Grandparent is correct. You didn't make an alias, because it's not interchangable:

http://play.golang.org/p/fiz0NnduNF

(try running it)


When I say "type MyInt int" didn't I just type-alias int?

No, you created a new type.

  cmccabe@keter:~/tmp> cat inta.go
  package main
  import "fmt"
  type myfoo int
  func printint(i int) {
    fmt.Printf("i = %d\n", i)
  }
  func main() {
    var foo myfoo
    printint(foo)
  }
  cmccabe@keter:~/tmp> go build inta.go 
  # command-line-arguments
  ./inta.go:13: cannot use foo (type myfoo) as type int in   argument to printint
You are probably thinking about "typedef" in C++, but go works differently in this case.

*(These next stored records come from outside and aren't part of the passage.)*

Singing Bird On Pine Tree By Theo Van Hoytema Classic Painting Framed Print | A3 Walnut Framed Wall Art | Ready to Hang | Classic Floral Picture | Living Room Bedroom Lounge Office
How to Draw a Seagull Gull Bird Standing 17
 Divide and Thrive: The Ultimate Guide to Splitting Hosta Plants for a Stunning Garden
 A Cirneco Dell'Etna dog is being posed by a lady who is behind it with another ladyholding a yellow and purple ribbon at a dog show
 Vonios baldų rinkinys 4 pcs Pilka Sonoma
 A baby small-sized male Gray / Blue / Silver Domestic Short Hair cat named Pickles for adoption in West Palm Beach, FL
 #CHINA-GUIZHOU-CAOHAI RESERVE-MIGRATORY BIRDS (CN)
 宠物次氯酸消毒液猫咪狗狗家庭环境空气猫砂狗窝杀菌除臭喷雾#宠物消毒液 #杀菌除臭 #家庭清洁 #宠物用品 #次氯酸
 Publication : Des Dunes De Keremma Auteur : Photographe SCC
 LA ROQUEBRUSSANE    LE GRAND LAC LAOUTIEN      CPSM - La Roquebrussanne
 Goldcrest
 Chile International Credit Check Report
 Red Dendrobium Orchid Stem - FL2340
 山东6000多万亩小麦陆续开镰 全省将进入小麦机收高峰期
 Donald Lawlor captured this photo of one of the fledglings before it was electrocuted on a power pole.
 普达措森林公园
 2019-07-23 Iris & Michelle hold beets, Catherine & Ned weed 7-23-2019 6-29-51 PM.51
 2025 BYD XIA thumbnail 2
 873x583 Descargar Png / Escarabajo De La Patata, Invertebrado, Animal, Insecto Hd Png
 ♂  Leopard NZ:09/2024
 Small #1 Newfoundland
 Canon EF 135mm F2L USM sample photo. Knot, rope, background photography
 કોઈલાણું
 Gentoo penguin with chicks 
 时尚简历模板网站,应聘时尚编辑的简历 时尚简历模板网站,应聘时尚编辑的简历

I would not consider your example to be one of a "type alias". Alias usually means that the names can be used interchangeably without a difference in behavior (i.e. casting). Go actually has some built-in aliases where this is the case. "byte" is an alias for "uint8". They can be used interchangeably. Here is an example of the distinction: http://play.golang.org/p/ukYCBqFeW_


It's not an alias, it's a new type. eg. http://play.golang.org/p/bXgryxNT0H


Correct. I will fix that when I'm no longer traveling.


What I usually find is that in the case where I have a Golang function that needs to return either a foo or a bar, I can just return a tuple of (foo, bar) and have one of them be nil. Yes, you miss out on the compiler enforcing the fact that one is nil, but that hasn't been a big problem for me in practice. The same goes with passing a "foo or bar" to a channel.. I just send a struct where one field is nil. It works very well in practice.

It would be interesting to see a discussion of why Golang didn't implement sum types. I suspect that part of it is efficiency... right now, the sizes of Go structs are known at compile time. With a sum type, you would either have to give that up, or pad to the size of the largest possible value. This is similar to unions in C, where the size is dictated by the size of the largest element.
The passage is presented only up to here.